Sulla gradinata dell’edificio delle Poste un mucchietto di stracci copre un relitto umano senza volto e le persone che si recano agli sportelli accelerano il passo e si mettono la mano davanti alla bocca per trattenere il disgusto. Arriva un omone sulla cinquantina e comincia a sbraitare contro quell’essere senza volto, contro “la feccia” (parole sue) che ha eletto i giardini della piazza a Grand Hotel sotto le stelle, ma anche a latrina a cielo aperto e a discarica tipo Malagrotta.

Attorno all’omone si forma un capannello di tre signore ottuagenarie inviperite quanto l’omaccione il quale, elettrizzato dalla loro presenza e dal consenso che gli esprimono con occhi di fuoco e con gesti minacciosi, si lascia andare ad una incontenibile frenesia di insulti verso gli zingari, verso gli immigrati, verso gli studenti che arrivano da tutte le parti perché con la loro presenza hanno fatto aumentare non solo gli affitti, ma anche la pasta, il pane, l’abbigliamento, la pizza, le patate  e tutta l’anima “de li mortacci loro” (ancora parole sue).

Le estasiate spettatrici annuiscono e fanno gesti minacciosissimi con le mani contro gli invasori neri e quasi neri, bianchi e quasi bianchi, olivastri del Bangladesh, biondi e rossicci dell’Est europeo e gialli con gli occhi a mandorla della lontanissima Asia.

Passano due ragazzi bruni dall’accento calabrese e le signore li guardano con disgusto sprezzante e con occhi di fuoco.

L’omone è caricato a mille e spara ad alzo zero in direzione del Campidoglio.

Olimpiadi:Marino 'incontrerò Letta,Roma pronta a 2024'

“La colpa è de Marino, possino ammazzallo!

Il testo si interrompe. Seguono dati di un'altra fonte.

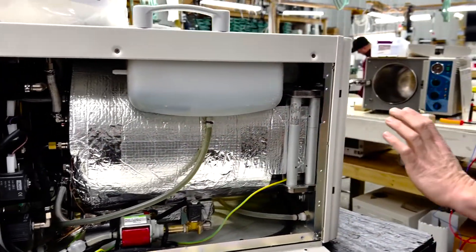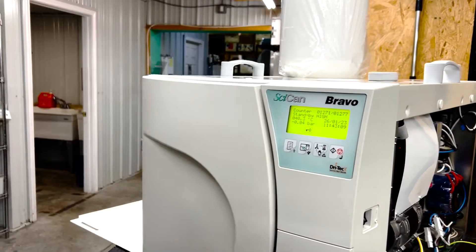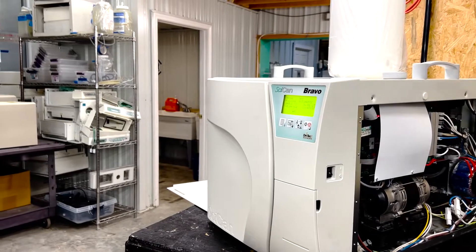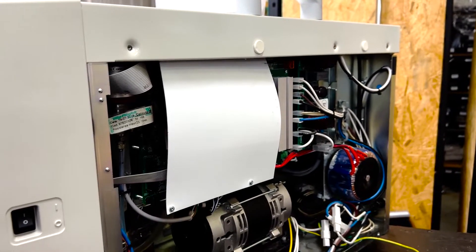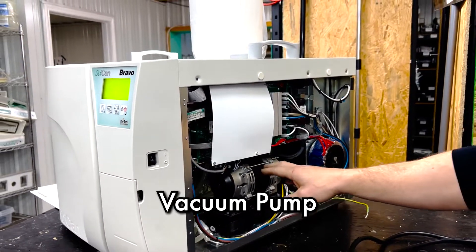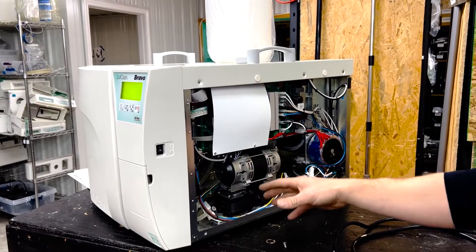If we come around to this side, there is a vacuum pump. The difference between the machines: you have the 21V, which is this model and is longer, and then you have a 17V, which is a little bit shorter. They've got the same chamber size and the same door gasket, but the depth of the chamber is different. They both have the same pump here — this is the vacuum pump. This should be rebuilt every 1,500 cycles. We can do that for you. You can disconnect this and send it in, and we can rebuild it, test it, and send it back to you.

Ma nun je poteva arivà puro a lui er coccolone com’è arivato ar compare suo Bersani?”

“Magara je venisse na bbona vorta, così so ‘o levamo de torno!” attizza la più in carne delle tre.

“ A li mortacci sua!” le fa eco la più inviperita del terzetto, una leggiadra creatura molto somigliante a Trudy, la fidanzata di Gamba di Legno, ma più agguerrita dell’agguerritissima fidanzata del cagnaccio nemico di Topolino.

Adesso il gruppetto di comizianti è aumentato, ma l’età media si aggira sempre attorno agli ottanta, forse qualcosina in meno.

Sarà che è giorno di pagamento delle pensioni?

“A lui e a tutti li comunisti zozzi che se so comprati puro li magistrati pe fa caccià quer poveretto dar Senato!”

Indovinate chi è il poveretto?

“Sti zozzi!”

“Sti cornuti!”

“Deve schiattà Bersani deve, lui e tutti li zozzi fiji de mignotta comunisti come lui!”

done

Le Tre Grazie sono gasate a mille e l’omaccione spazia ormai su tutti i fronti.

Ce l’ha, ora, “cor chirurgo der cavolo” dal quale, dice, non si farebbe spremere nemmeno un foruncoletto picolo piccolo.

Chi è “er chirurgo der cavolo”?

E chi se non il sindaco di Roma?

Ignazio Marino è al centro di tutte le nefandezze che affliggono Roma, da Prima Porta a Primavalle, da Montesacro a Monte Mario, dal Prenestino al Tuscolano, dal Nomentano all’Eur.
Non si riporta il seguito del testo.